• Problem details:
Before you reproduce the entries that follow, strip out any image they contain and keep the rest exact.

[[ Information shown, beginning ]]

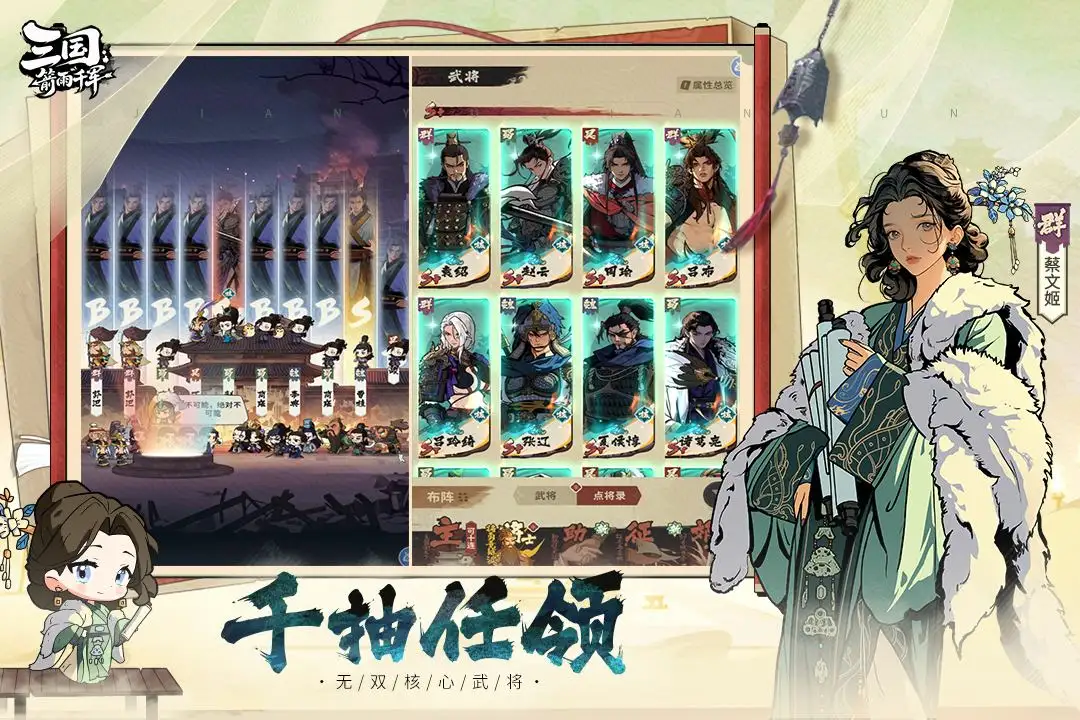 三国箭雨千军游戏v1.0.0 安卓版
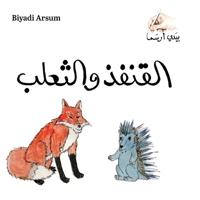 Biyadi Arsum 11 The Porcupine (Deluxe) (Arabic Edition) B0GZMJRD1L Book Cover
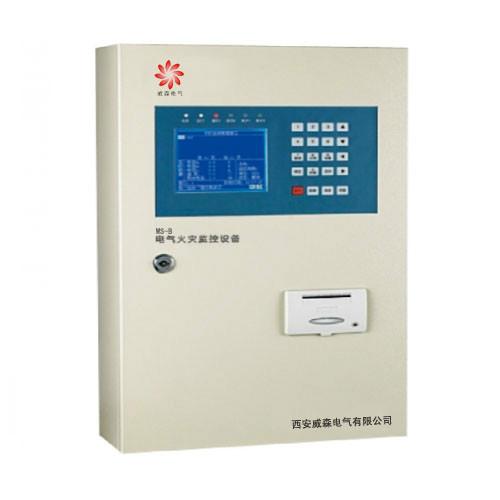 供应HS-V1000型消防设备电源状态监控器误差不大于0 .2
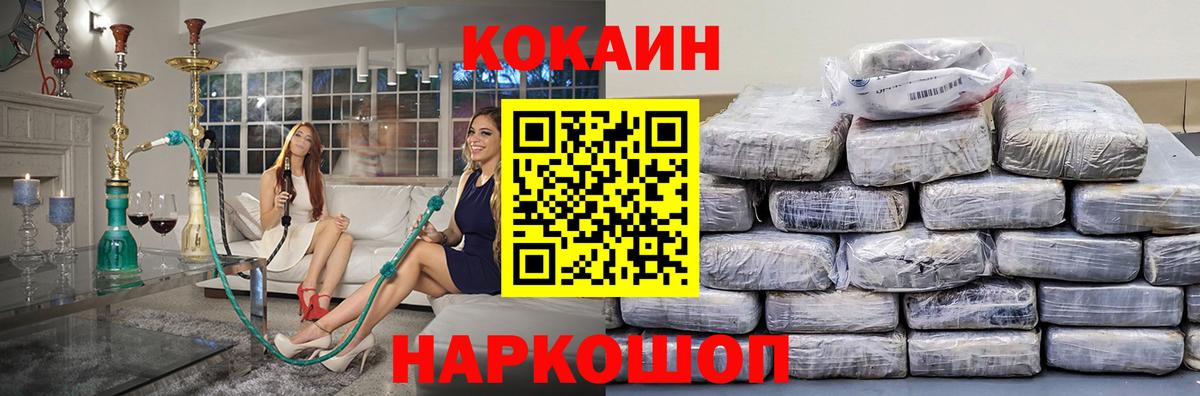 Cocaine Колумбийский  Вход с VPN  Кимовск  Кокаин 99% 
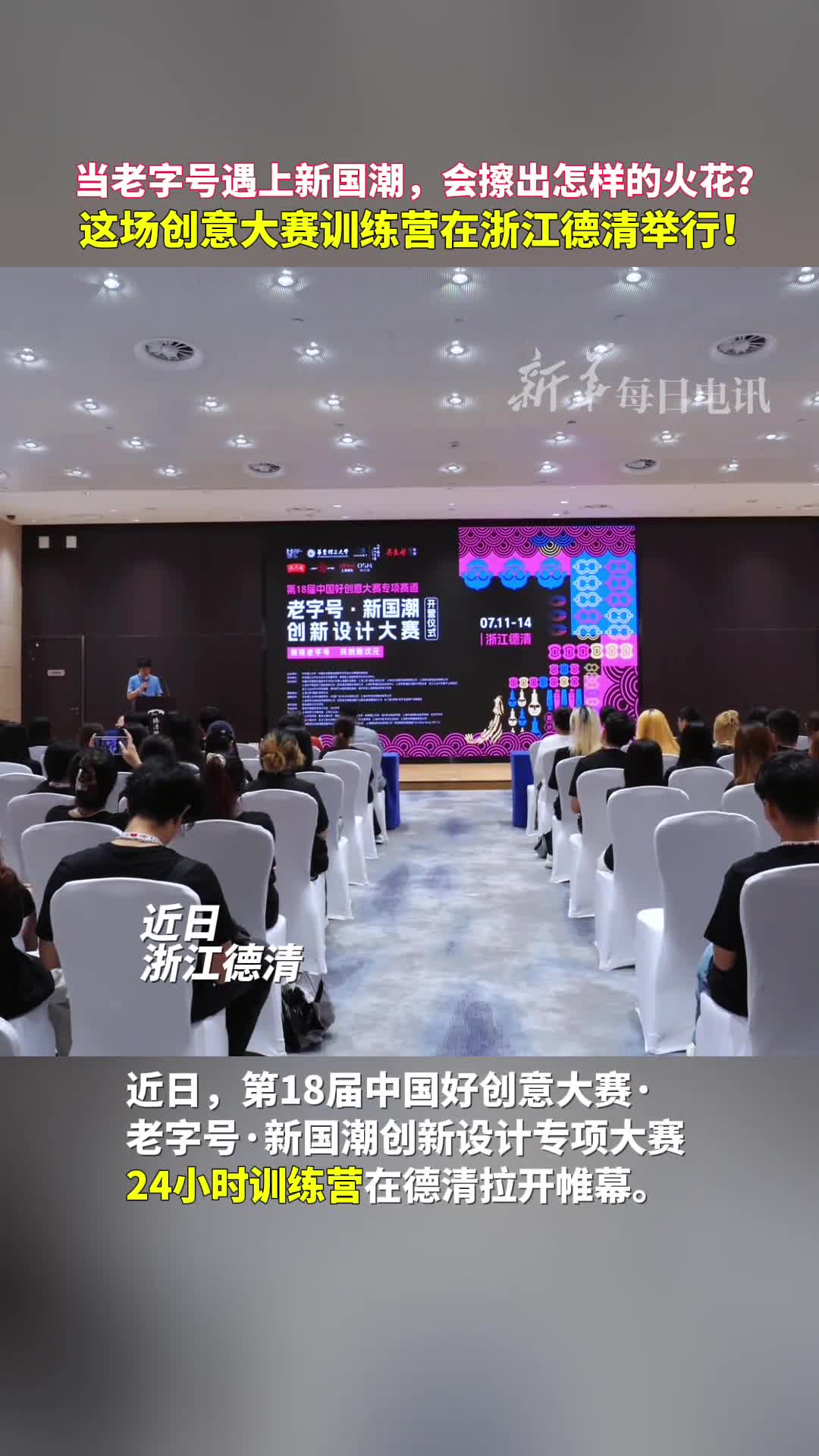 当老字号遇上新国潮会擦出怎样的火花这场创意大赛训练营在德清举行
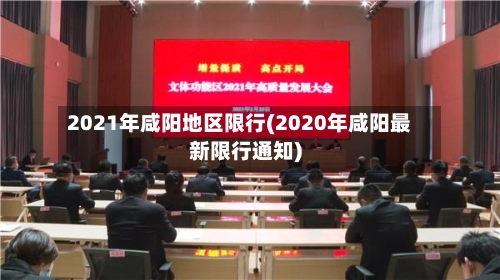 2021年咸阳地区限行(2020年咸阳最新限行通知)
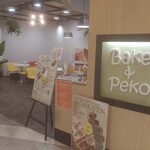 Bake&Peko - Bake＆Peko天王寺ミオ店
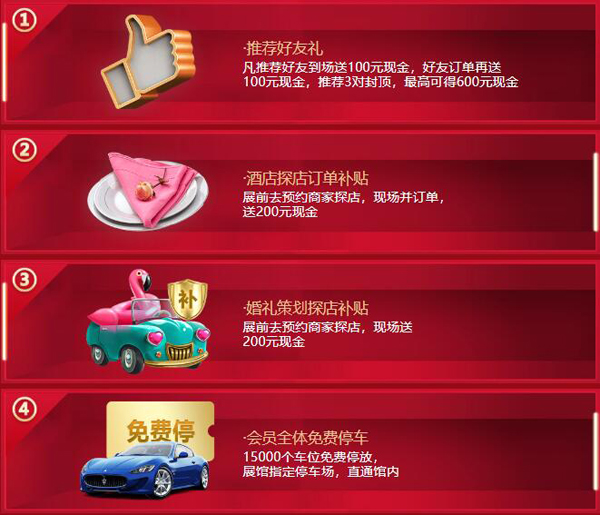 約嗎？7月11-12日成都婚博會，我們準備了一堆大獎等你拿！  第8張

[[ Information shown, end ]]

• Result for this exercise:
 三国箭雨千军游戏v1.0.0 安卓版
 Biyadi Arsum 11 The Porcupine (Deluxe) (Arabic Edition) B0GZMJRD1L Book Cover
 供应HS-V1000型消防设备电源状态监控器误差不大于0 .2
 Cocaine Колумбийский  Вход с VPN  Кимовск  Кокаин 99% 
 当老字号遇上新国潮会擦出怎样的火花这场创意大赛训练营在德清举行
 2021年咸阳地区限行(2020年咸阳最新限行通知)
 Bake&Peko - Bake＆Peko天王寺ミオ店
 約嗎？7月11-12日成都婚博會，我們準備了一堆大獎等你拿！  第8張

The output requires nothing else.